There’s a post over at Thought Catalogue called “How To Be A Beautiful Woman” that’s obviously supposed to be tongue in cheek as it lays out all the stereotypical checks on the pretty girl to-do list: Be “naturally” thin, be blonde, be sexy but not slutty, be not gross, be perfect.
Unless you’ve never watched TV, gone to the movies or flipped through a magazine — basically opened your eyes and looked at things — those subliminal messages about unattainable universal beauty are impossible to escape. Reminds me of the time my 8th grade class took a field trip to the Museum of Tolerance and the tour guide made everyone choose to go through either a door marked “Prejudiced” or one marked “Unprejudiced.” Guess which door we all chose? Guess which one doesn’t open?
Same thing goes for beauty. There are women who buy into the bullshit and those who claim they don’t (and have the hairy pits to prove it), but how can you really not? And I’m positive hairy armpits are the jam to someone, somewhere. At least I hope so. Because, winter.
Often, we allegedly enlightened grown women assume that each one of us has tattooed Maya Angelou’s “Phenomenal Women” across our sagging boobies in invisible ink. Of course we know beauty comes from within. Duh! That it comes from confidence. That beauty’s only skin deep. It’s in the eye of the beholder. And all of the cliches your health teacher taught you. But how do we actually carry that out into the world?
I’ve never been told straight out that I’m hideous. My face is pretty symmetrical, but my eczema-ravaged skin has always been splotchy. In high school, my nickname was Olive Oyl. Also I regularly got called a “transvestite” for no tangible reason I can think of. I didn’t kiss a boy until the eleventh grade and not again until college. But somehow throughout all that (which honestly isn’t pretty pat in high school), I just thought everyone else was behind the curve. Seriously.
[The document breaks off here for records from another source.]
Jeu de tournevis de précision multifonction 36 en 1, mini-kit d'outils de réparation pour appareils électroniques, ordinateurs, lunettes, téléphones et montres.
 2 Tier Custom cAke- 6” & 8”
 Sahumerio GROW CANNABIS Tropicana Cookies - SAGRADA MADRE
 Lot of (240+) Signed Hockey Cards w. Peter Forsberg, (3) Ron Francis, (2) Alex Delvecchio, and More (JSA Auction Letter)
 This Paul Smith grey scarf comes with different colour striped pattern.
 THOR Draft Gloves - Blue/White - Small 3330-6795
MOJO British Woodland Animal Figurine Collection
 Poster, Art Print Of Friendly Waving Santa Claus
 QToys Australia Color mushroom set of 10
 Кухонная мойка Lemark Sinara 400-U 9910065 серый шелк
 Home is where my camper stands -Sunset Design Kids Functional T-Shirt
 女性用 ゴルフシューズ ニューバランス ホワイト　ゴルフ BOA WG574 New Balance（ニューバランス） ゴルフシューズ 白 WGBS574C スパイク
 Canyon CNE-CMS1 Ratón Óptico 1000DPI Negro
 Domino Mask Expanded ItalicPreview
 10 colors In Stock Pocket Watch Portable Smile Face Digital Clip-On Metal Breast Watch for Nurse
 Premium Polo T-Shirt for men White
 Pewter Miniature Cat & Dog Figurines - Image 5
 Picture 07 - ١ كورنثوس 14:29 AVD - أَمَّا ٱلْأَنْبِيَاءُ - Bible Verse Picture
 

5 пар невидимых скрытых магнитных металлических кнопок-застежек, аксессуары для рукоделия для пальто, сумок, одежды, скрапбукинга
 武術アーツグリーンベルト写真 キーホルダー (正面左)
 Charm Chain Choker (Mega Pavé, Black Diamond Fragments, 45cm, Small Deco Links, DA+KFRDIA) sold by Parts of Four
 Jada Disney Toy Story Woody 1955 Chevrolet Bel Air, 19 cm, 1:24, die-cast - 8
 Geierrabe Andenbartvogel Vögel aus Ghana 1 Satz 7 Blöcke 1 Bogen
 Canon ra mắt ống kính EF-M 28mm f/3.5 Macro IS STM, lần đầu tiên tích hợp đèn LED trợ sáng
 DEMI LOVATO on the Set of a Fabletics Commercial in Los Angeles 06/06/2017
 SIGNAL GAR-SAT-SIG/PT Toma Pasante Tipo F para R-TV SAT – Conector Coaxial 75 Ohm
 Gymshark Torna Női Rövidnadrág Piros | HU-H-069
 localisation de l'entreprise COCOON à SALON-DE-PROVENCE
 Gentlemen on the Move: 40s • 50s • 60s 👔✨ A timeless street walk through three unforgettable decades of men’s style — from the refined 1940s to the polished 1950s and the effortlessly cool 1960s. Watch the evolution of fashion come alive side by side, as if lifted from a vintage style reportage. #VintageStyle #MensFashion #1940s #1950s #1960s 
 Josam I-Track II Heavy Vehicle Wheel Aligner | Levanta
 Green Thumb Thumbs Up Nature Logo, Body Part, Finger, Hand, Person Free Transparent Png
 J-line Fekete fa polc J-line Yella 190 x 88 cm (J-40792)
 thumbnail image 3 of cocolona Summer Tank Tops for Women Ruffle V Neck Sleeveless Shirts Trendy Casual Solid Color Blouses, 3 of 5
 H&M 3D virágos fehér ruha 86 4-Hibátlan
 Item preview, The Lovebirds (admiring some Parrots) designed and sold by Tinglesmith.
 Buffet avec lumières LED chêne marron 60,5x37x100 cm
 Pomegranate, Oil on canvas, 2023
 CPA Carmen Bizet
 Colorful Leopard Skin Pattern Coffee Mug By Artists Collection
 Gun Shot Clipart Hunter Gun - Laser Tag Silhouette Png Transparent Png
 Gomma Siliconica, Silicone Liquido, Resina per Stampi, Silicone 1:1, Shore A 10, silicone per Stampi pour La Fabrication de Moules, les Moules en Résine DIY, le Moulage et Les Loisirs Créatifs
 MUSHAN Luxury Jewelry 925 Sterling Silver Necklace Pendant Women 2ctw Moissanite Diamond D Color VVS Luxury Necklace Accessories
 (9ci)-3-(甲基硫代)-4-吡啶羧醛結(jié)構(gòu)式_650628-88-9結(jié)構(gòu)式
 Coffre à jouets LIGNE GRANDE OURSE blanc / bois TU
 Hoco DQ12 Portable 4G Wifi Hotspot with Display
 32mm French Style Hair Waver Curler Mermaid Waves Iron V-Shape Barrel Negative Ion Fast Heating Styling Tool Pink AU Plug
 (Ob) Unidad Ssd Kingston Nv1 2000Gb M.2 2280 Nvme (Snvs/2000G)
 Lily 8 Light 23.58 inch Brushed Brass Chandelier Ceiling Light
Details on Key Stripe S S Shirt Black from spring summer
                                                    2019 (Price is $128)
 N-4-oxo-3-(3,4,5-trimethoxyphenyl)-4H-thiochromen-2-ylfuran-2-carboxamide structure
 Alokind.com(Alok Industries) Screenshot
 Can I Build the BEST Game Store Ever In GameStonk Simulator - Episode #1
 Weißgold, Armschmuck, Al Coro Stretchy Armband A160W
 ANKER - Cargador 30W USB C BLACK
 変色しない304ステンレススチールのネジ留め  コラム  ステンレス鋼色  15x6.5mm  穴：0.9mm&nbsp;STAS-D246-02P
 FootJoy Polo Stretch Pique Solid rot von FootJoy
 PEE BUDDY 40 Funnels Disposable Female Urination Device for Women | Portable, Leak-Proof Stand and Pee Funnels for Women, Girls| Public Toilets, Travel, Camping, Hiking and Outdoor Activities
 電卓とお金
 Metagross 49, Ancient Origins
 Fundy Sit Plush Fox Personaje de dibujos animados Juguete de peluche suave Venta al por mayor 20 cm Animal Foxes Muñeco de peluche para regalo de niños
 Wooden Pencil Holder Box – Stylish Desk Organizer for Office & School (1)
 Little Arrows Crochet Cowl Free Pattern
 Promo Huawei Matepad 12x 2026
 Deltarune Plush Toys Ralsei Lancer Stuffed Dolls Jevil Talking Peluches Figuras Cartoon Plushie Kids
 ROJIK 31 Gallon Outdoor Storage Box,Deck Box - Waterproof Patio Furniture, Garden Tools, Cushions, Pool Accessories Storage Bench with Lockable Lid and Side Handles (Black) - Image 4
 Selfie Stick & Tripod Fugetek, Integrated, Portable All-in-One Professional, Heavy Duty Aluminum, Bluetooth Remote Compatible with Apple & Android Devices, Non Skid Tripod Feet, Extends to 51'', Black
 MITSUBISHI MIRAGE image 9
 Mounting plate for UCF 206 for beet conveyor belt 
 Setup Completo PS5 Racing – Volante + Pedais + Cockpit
Even when I was crying my eyes out in the girl’s bathroom after some little bitch called me a “man” I can remember thinking, “Someday.”
But why? It’s not like I was crazy confident. I wasn’t. I was a skinny black nerd in “Gapp” jeans with a bad press and bowed legs. Beautiful wasn’t something I heard on a regular basis, but I still felt it. Funny thing: I recited Maya Angelou’s “Phenomenal Woman” to an auditorium full of hungry high schoolers as part of this lunch break art program (did I mention I was a nerd) and I actually understood every line at 16.
No I wasn’t “cute” — although yes I did fit a “fashion model’s size”– but the last words in the ending couplet — “That’s me” — made sense. Maybe it’s because I was an only child who got to spend hours on end with herself or because of my excellent first ballet teacher or the plethora of black dolls in my bedroom.
Carrying around the ease and comfort in that line is what’s given me more “I feel beautiful” days then “meh” days ever since. But that’s me. That’s how I roll. It’s different for every woman and after all the dust from debating the damage of impossible-to-reach beautiful standards settles we’re left here — dusty.
Do you stare at yourself in the eye in mirror for a few seconds every morning (guilty) or sit quietly in a chair while concentrating on your body for a minute a day (my mom)? How do you become a beautiful woman?